One of the most respected artists to emerge from Scandinavia, Stina Nordenstam, is nonetheless elusive and somewhat unknown; she rarely, if ever, plays live these days and woefully few people are aware of her. If you're approaching this album having not heard anything by Stina Nordenstam, it may well strike you as odd, icy and slightly impenetrable. If you're looking at it having heard one or a few of her other albums, it may seem... odd, icy and slightly impenetrable! First impressions, however, are not everything.
Of her records, it's without doubt the barest, most unadorned effort - a brave record in fact, considering it's her first; she has resisted the urge to swathe every song protectively in lush instrumentation. She deals with rejection, regret, loneliness in a stark, merciless manner - every emotion that she explores is stripped bare in delicate, seemingly fragile songs that are often constructed of little more than a simple rhythm, minimal backing and her inimitable, glassy vocals. Consequently the songs are all the more effective - she doesn't portray emotions the way film or television characters feel them, backed by a swell of cliched music with all the ugly, jagged bits tactfully obscured; she portrays them the way people feel them - her experiences of hurt and isolation are expressed by silence, broken by her solitary vocals, as the characters in her songs deal with their problems alone; the most effective use of this is in the heartbreaking 'Soon After Christmas', which trembles with resigned hopelessness. It's rather like looking at a person through a microscope - nothing is hidden or tucked into the distance - her songs are unflinchingly open and honest.

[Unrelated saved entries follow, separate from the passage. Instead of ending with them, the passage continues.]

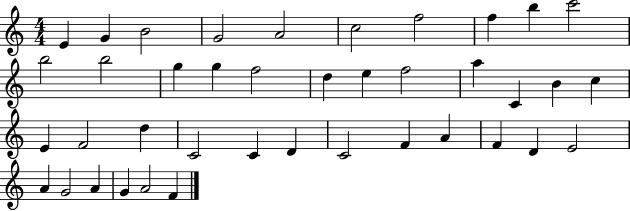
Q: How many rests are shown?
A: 0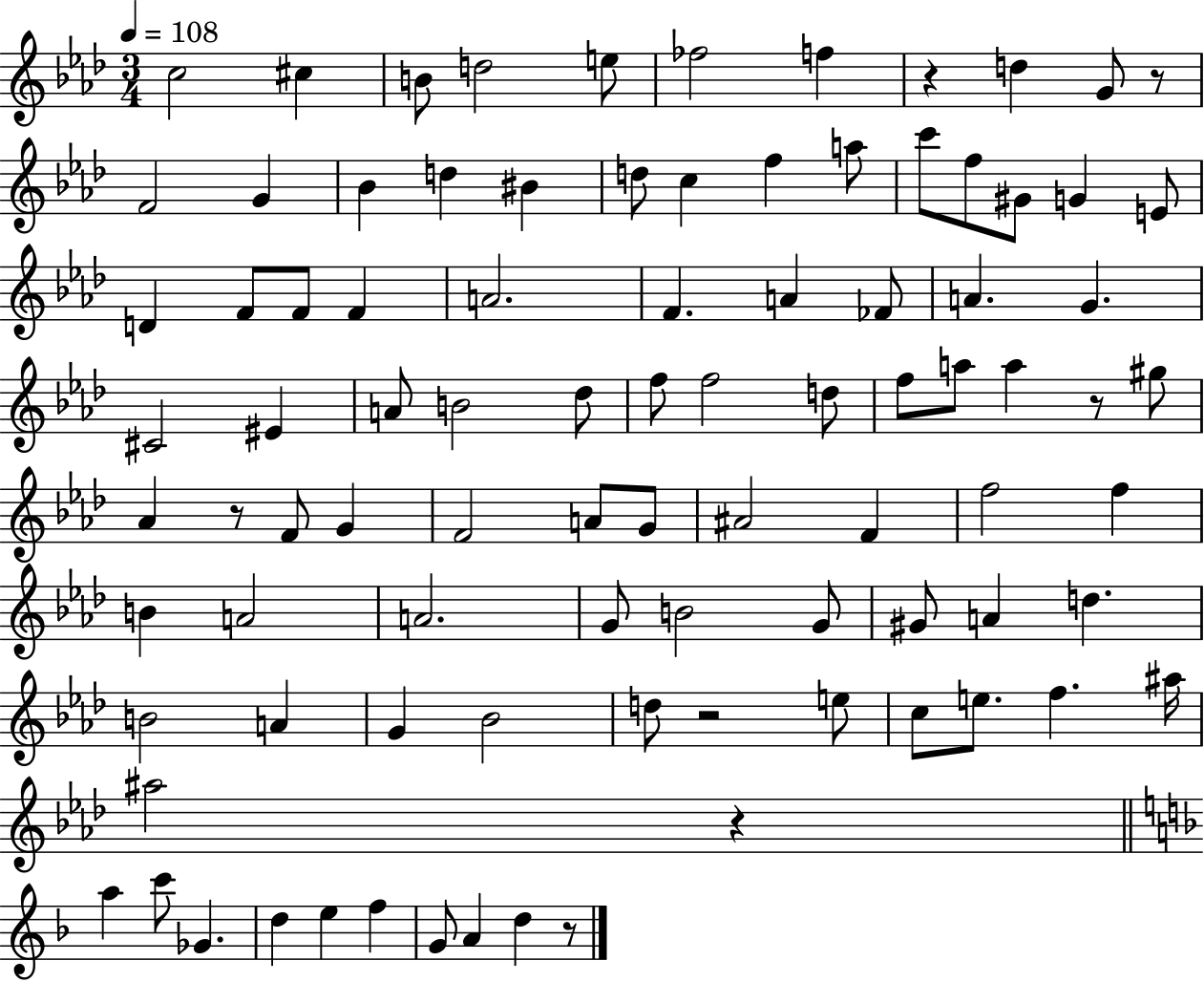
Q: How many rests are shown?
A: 7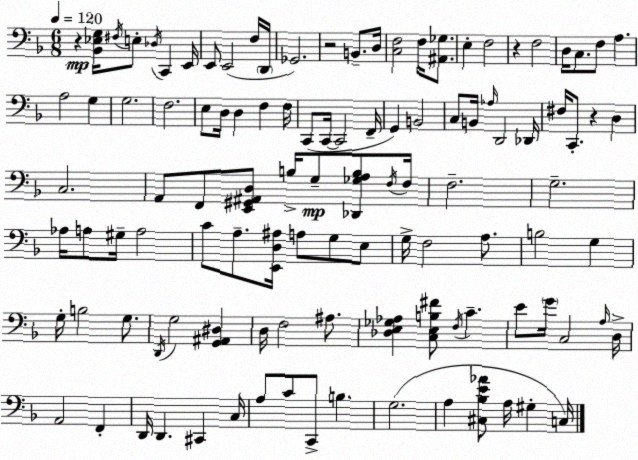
X:1
T:Untitled
M:6/8
L:1/4
K:Dm
z [_B,,_E,G,]/4 ^F,/4 E,/2 _D,/4 C,, E,,/4 E,,/2 E,,2 F,/4 D,,/4 _G,,2 z2 B,,/2 D,/4 [C,F,]2 F,/4 [^A,,_G,]/2 E, F,2 z F,2 D,/4 C,/2 F,/2 A, A,2 G, G,2 F,2 E,/2 D,/4 D, F, F,/4 C,,/2 C,,/4 C,,2 F,,/4 G,, B,,2 C,/2 B,,/4 _A,/4 D,,2 _D,,/4 ^F,/4 C,,/2 z D, C,2 A,,/2 F,,/2 [E,,^G,,^A,,D,]/2 B,/4 G,/2 [_D,,_G,A,B,]/2 F,/4 F,/4 F,2 G,2 _A,/4 A,/2 ^G,/4 A,2 C/2 A,/2 [E,,D,^A,]/4 A,/2 G,/2 E,/2 G,/4 F,2 A,/2 B,2 G, G,/4 B,2 G,/2 D,,/4 G,2 [G,,^A,,^D,] D,/4 F,2 ^A,/2 [_D,E,_G,_A,] [C,E,B,^F]/2 F,/4 C E/2 G/4 C,2 A,/4 D,/4 A,,2 F,, D,,/4 D,, ^C,, C,/4 A,/2 C/2 C,,/2 B, G,2 A, [^C,_B,E_A]/2 A,/4 ^G, C,/4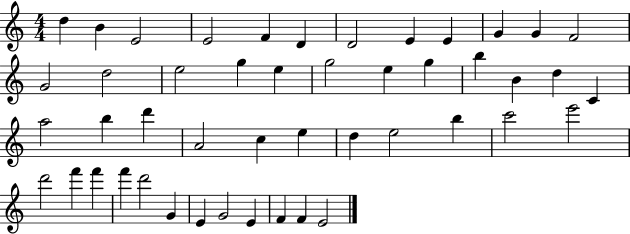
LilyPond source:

{
  \clef treble
  \numericTimeSignature
  \time 4/4
  \key c \major
  d''4 b'4 e'2 | e'2 f'4 d'4 | d'2 e'4 e'4 | g'4 g'4 f'2 | \break g'2 d''2 | e''2 g''4 e''4 | g''2 e''4 g''4 | b''4 b'4 d''4 c'4 | \break a''2 b''4 d'''4 | a'2 c''4 e''4 | d''4 e''2 b''4 | c'''2 e'''2 | \break d'''2 f'''4 f'''4 | f'''4 d'''2 g'4 | e'4 g'2 e'4 | f'4 f'4 e'2 | \break \bar "|."
}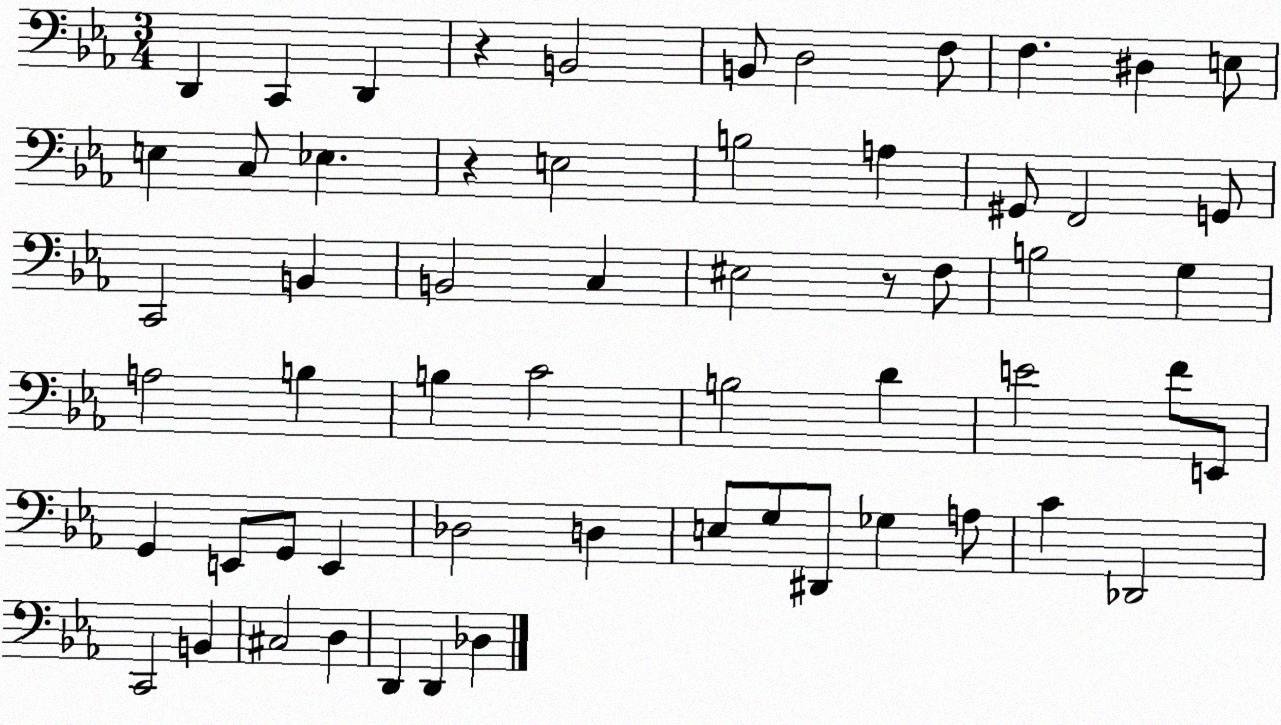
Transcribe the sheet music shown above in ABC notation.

X:1
T:Untitled
M:3/4
L:1/4
K:Eb
D,, C,, D,, z B,,2 B,,/2 D,2 F,/2 F, ^D, E,/2 E, C,/2 _E, z E,2 B,2 A, ^G,,/2 F,,2 G,,/2 C,,2 B,, B,,2 C, ^E,2 z/2 F,/2 B,2 G, A,2 B, B, C2 B,2 D E2 F/2 E,,/2 G,, E,,/2 G,,/2 E,, _D,2 D, E,/2 G,/2 ^D,,/2 _G, A,/2 C _D,,2 C,,2 B,, ^C,2 D, D,, D,, _D,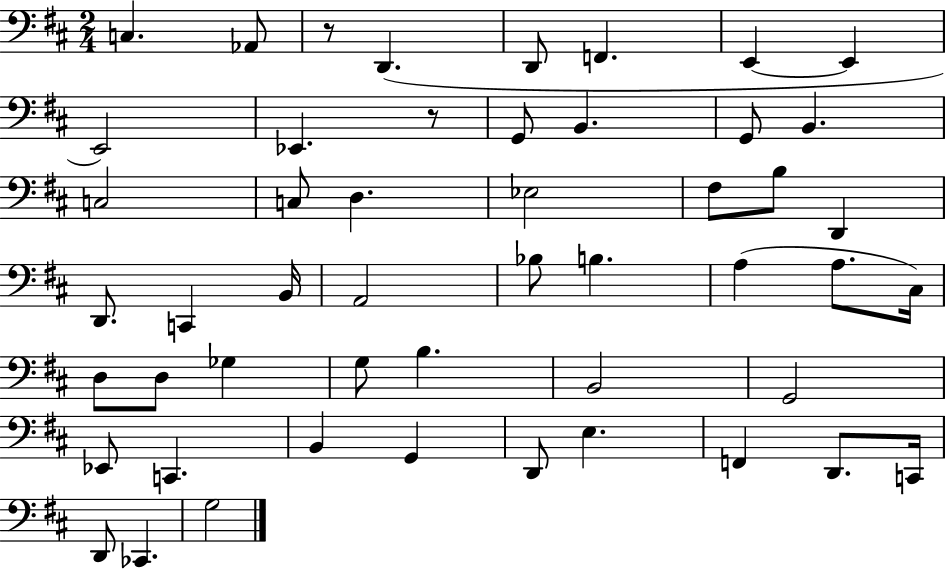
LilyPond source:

{
  \clef bass
  \numericTimeSignature
  \time 2/4
  \key d \major
  c4. aes,8 | r8 d,4.( | d,8 f,4. | e,4~~ e,4 | \break e,2) | ees,4. r8 | g,8 b,4. | g,8 b,4. | \break c2 | c8 d4. | ees2 | fis8 b8 d,4 | \break d,8. c,4 b,16 | a,2 | bes8 b4. | a4( a8. cis16) | \break d8 d8 ges4 | g8 b4. | b,2 | g,2 | \break ees,8 c,4. | b,4 g,4 | d,8 e4. | f,4 d,8. c,16 | \break d,8 ces,4. | g2 | \bar "|."
}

Much of the record displays strong jazz leanings - at times the songs are reminiscent of a sophomoric, childlike Nina Simone, at others she more recalls the moody, candlelit and typically '80s sound of artists like Sade, such is the versatility of Stina's vocals. There's also a vivid sense of dark whimsy, particularly in songs like 'Alan Bean', where the song's narrative is propped against a light, almost cutesy acoustic backdrop. One of the strongest songs on the record is perhaps 'Another Story Girl', which deals with the jealousy and anguish of watching one's partner pining for someone else; amidst the sparse backing and pretty, repetitive melody, it also showcases her very rare skill of being able to convey heartbreak and yet place oneself unselfishly in the background, an outsider peering in from the cold at someone else's past experiences unhappily but without resentment.
It may take a few listens to get into this record - at first listen, it's unusual, contradictory and at times more than a little infuriating. Stick with it though; under the surface it's an exquisite record, and given time, if Stina's unique, moving and delicate music is to your taste, it'll become one of your most treasured albums.